Beginning with the line that holds "This review is" and finishing with the line that holds "I like the self-portrait", repeat the listing exactly, leaving every picture out.

*Source data:*
----------

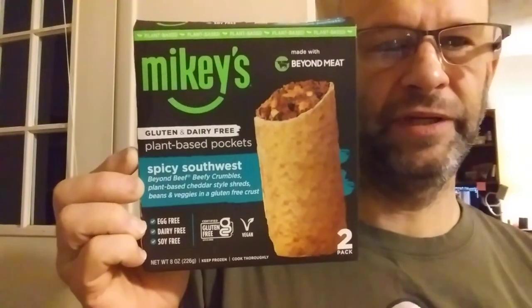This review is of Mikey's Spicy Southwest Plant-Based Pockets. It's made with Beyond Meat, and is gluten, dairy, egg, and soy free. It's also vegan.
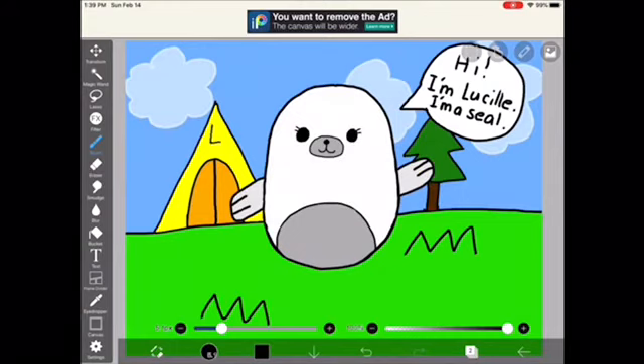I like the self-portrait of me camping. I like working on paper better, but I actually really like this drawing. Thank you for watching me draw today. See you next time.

----------

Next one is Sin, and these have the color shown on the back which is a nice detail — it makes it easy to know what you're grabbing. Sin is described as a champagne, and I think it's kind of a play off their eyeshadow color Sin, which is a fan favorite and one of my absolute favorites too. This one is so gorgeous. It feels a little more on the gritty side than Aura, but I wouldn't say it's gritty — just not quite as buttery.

----------

*Problem solution:*
This review is of Mikey's Spicy Southwest Plant-Based Pockets. It's made with Beyond Meat, and is gluten, dairy, egg, and soy free. It's also vegan.
I like the self-portrait of me camping. I like working on paper better, but I actually really like this drawing. Thank you for watching me draw today. See you next time.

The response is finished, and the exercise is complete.